Plan to put on a set of BC non race coil-overs but should I or do I need to replace any bushings, bearings or spring pads related directly to the struts/shocks/springs at this time?

I see Maryland has bushings for as drop downs when ordering:
1. Whiteline front strut mount bushing kit
2. Whiteline upper shock bushings

Then if you go to bushings section there are more strut related bushings and w/ offsets and w/ or wo/ bearings. No mention of upper or a kit from the drop downs when looking at for addons to the coil over purchase.

I bought and installing the front and rear radius rod bushings and about half the full bushing (master) kit from Kollar and I know it doesn't include any strut bushing but the BC coilovers there say they include Polly strut mounts on that site.

Just a bit confused, probably be able to tell when I pull mine off but car has 28k on stock 17's (2015). So there certainly ok for now with no offset for sure, assume stock bearing are fine and bushings but if I am in there rather just order for the $100 or whatever if the stiffer settings on the coilovers would say wear out the stock bushes faster, they just tend to wear out fast like the RR bushes or would now notice slop in them that everything else was upgraded.

Some day I am sure I will do a wheel and tire upgrade but not this season.

Thoughts or forum links for assistance would be most appreciated.

Regards,


----------



## Aspired (Jun 15, 2010)

Ok well I am perfectly capable of figuring it out when I remove the old ones. Then buying what I need or asking Kollar for more specifics. Was just trying to decrease my downtime waiting for parts to arrive.


----------



## Aspired (Jun 15, 2010)

Figured with a little more research, 


chirp chirp chirp


----------



## X-Ravin (Oct 6, 2010)

I believe the front coil overs already have the strut bushing/bearing so you do not need it.
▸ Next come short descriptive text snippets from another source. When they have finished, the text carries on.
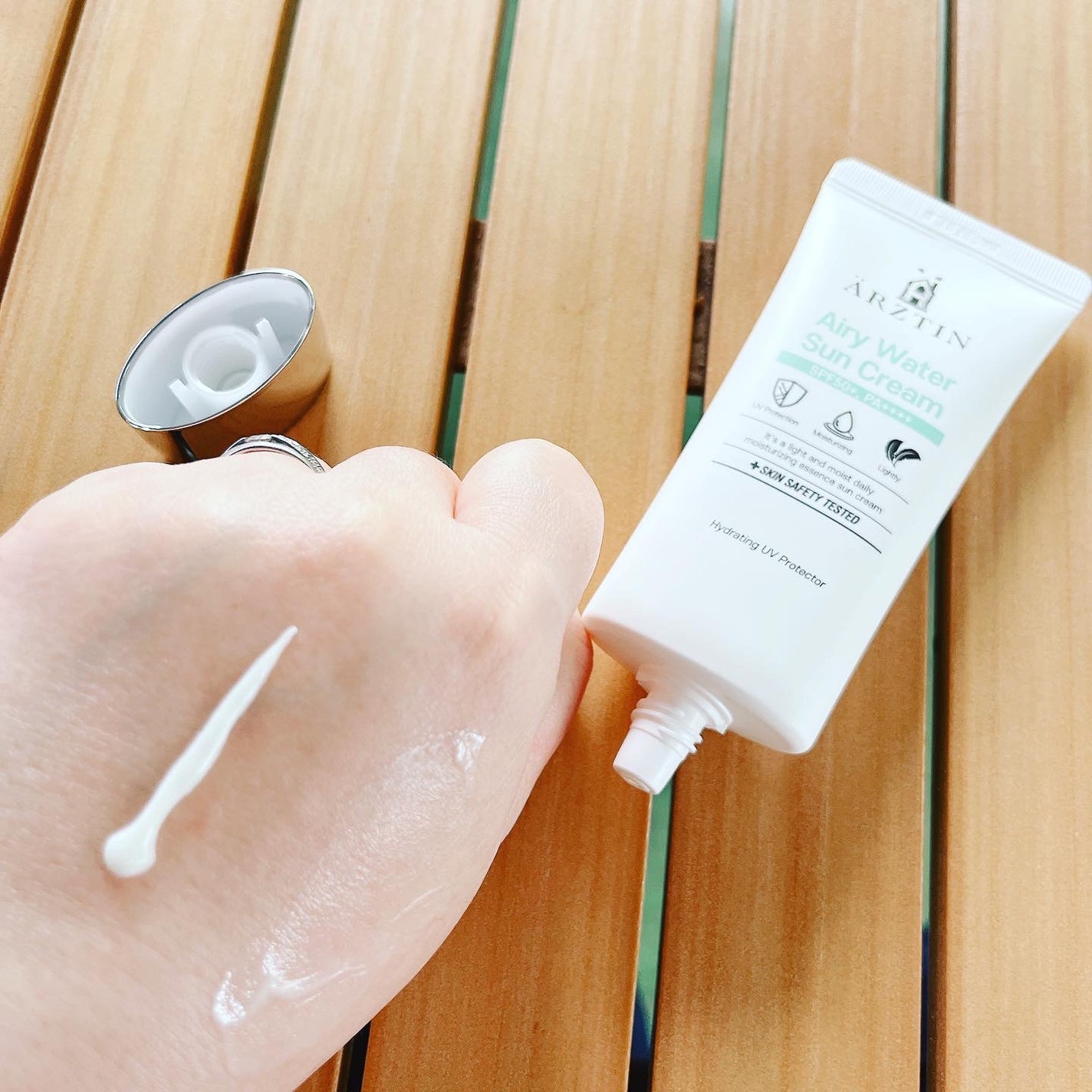 エアリーウォーターサンクリーム/エルツティン/日焼け止めクリームを使ったクチコミ(4枚目)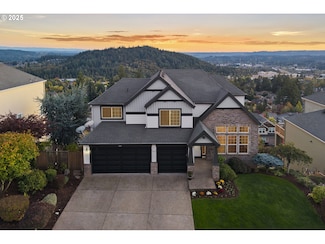 11018 SE Lenore St, Happy Valley, OR 97086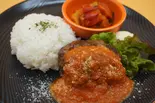 黒毛和牛100%イタリアントマトソースハンバーグ(180g)(黒毛七厘)
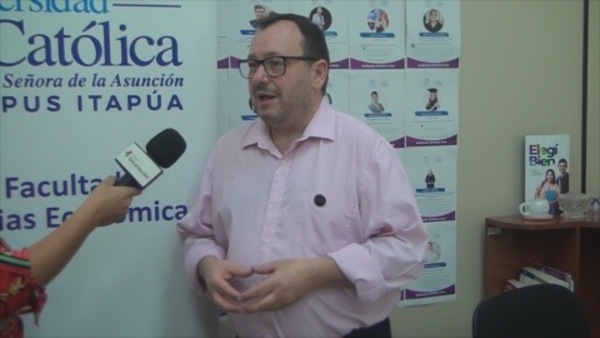 Seminario en la UCI: El Rally como Motor de Desarrollo Económico en Itapúa
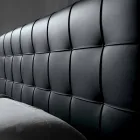 Cama doble de diseño con cabecero acolchado Leilo, 160x200 cm viadurini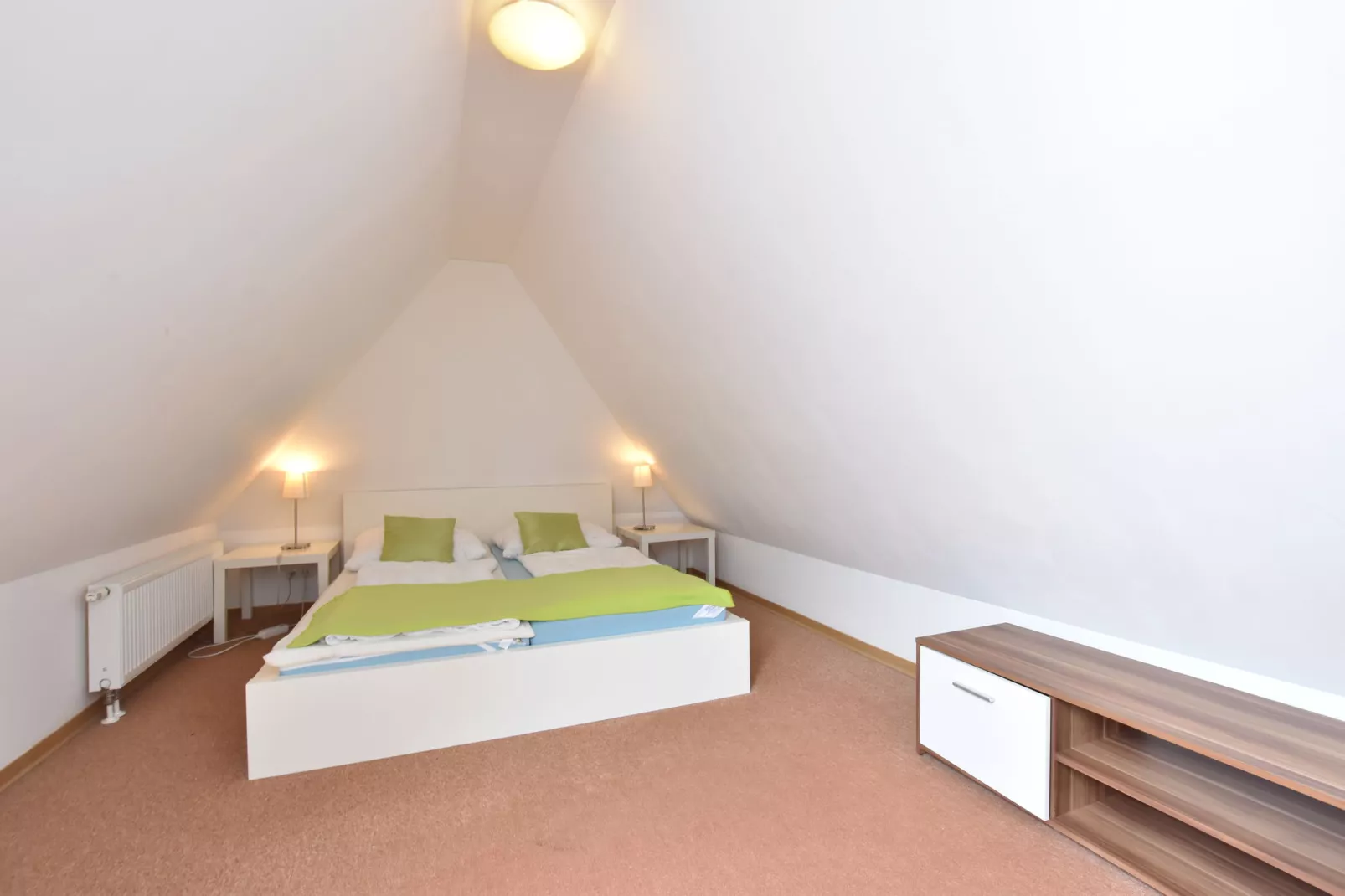 Jojohus - Obergeschoss mit Balkon-Bedroom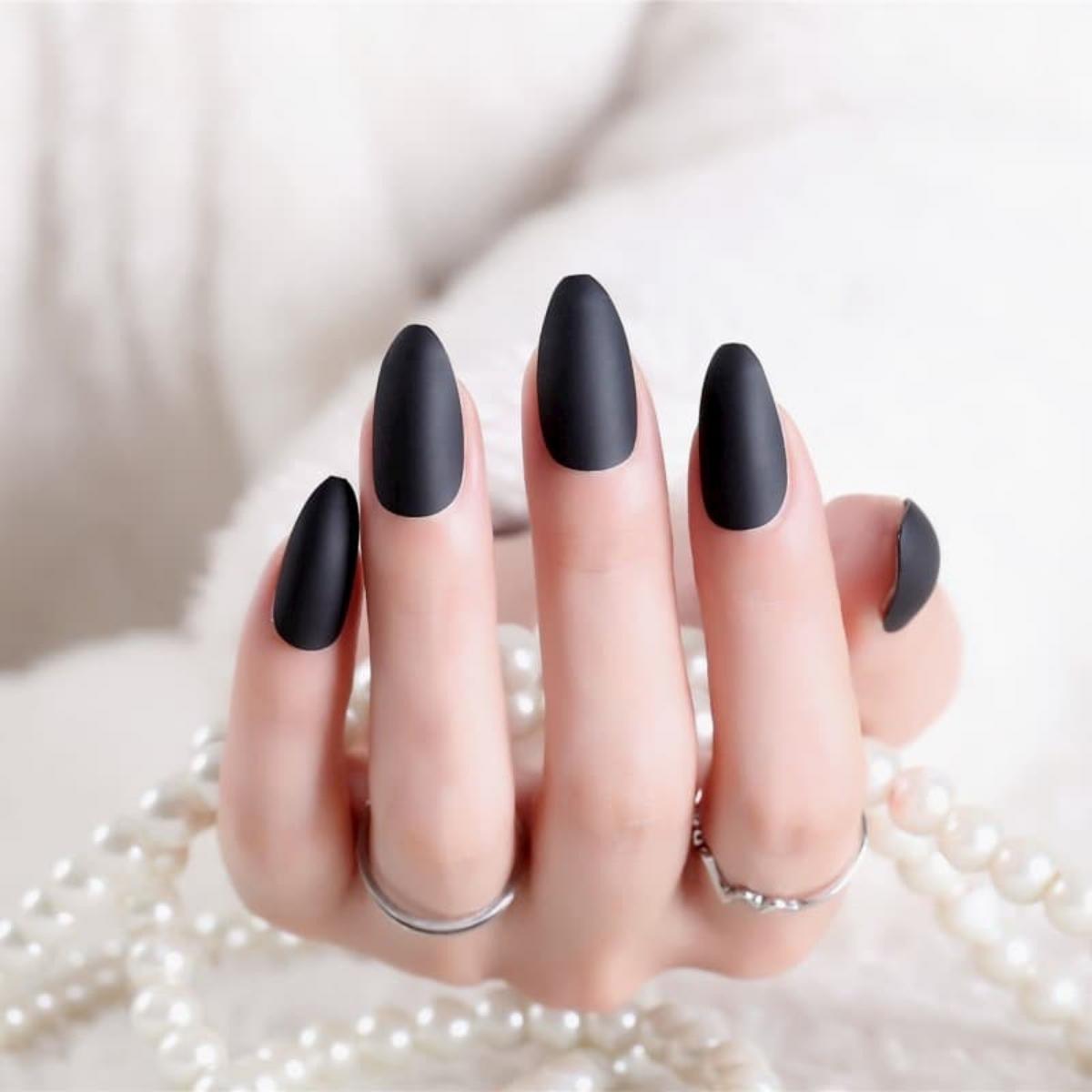 Nail đen nhám - Đơn giản nhẹ nhàng nhưng cũng mạnh mẽ đầy khí chất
The upper bushings you are talking about I think are for the rear struts, I'm not sure if the coil overs come with those. Kollar will know.


----------



## svede1212 (Nov 1, 2005)

There are bushings such as the front radius rod that are essential. There are others like inner and outer rear control arm bushings and rear subframe bushings that are very beneficial. I'd talk to Andy at Kollar and he can steer you right.


----------